Hosting Static Websites on Amazon S3 - Understanding the Static Website Universe


All the tutorials in this course:

Great to see you here! Allow me to quickly introduce myself so you can get to the content without any any unnecessary delay.

I'm an AWS solutions architect and Linux server administrator from Toronto, Canada. I've been creating technology training content for more than a decade. In that time, more than 60,000 of my books were sold and more than a half a million people just like you viewed my video courses.

Let's see whether I can deliver some solid value to you, too.

One general note: You're perfectly welcome to simply watch the videos and absorb the information. But actually getting your hands dirty by running everything you see here on your own machine will give the information a real turbo-boost. Keep an eye on the notes to each lesson for code and guides that'll help you recreate all of the demos you'll see here.

If you've ever dreamed of a way to create and publish a website that's simple, secure, highly-available, and super-inexpensive, but that doesn't require you to deploy and administrate complex, multi-layered servers, then I think you should stick around for this course.

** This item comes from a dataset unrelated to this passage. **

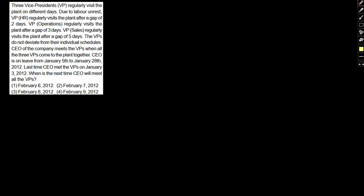The CEO of the company meets the VPs when all three VPs come together to the plant. The CEO of this plant is on leave from January 5th to January 28th. The last time the CEO met the VPs was on January 3rd. The CEO met the VPs on January 3rd, and then from the 5th he went on leave till the 28th.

Don't get me wrong: I've got nothing against complex, multi-layered servers. Much of my career has been spent working with just such creatures. But monitoring, troubleshooting, and babysitting them can be a bit of a handful. And if your workload doesn't require all that complexity and cost, then I'd say "grab it."

Sound interesting? So say hello to the enterprise-quality object storage platform, Amazon S3. This course exists to introduce you to the concept of hosting static websites on S3, and then showing you how to configure those sites so they're highly available to your users and reliably secure - all through integration with a couple of other Amazon Web Services.

Since building websites just won't work without website content, I'll also show you how Hugo - a popular static website generator - handles your HTML resources and connects them with hosting platforms like S3.

What will you need to successfully complete this course? Number one, an Amazon Web Services account. Opening an account is free - especially when you factor in the Free Tier access to services that accounts get in their first year. But making mistakes with your AWS account can lead to scary and unexpected bills. As an AWS Solutions Architect and the author of multiple books on working with AWS, I'll make sure that none of the activities discussed in this course will lead you to any surprises on that front.

Besides that AWS account, I expect you'll also have at least the basic concept for your project. Why else build a website, after all? You'll need some familiarity with working with terminals on your machine - whether it's running Windows, macOS, or Linux. If you choose to also follow along with my Hugo demos, it would be helpful to understand Markdown syntax. But, as you can see from this Markdown cheat sheet, that's not at all hard to pick up.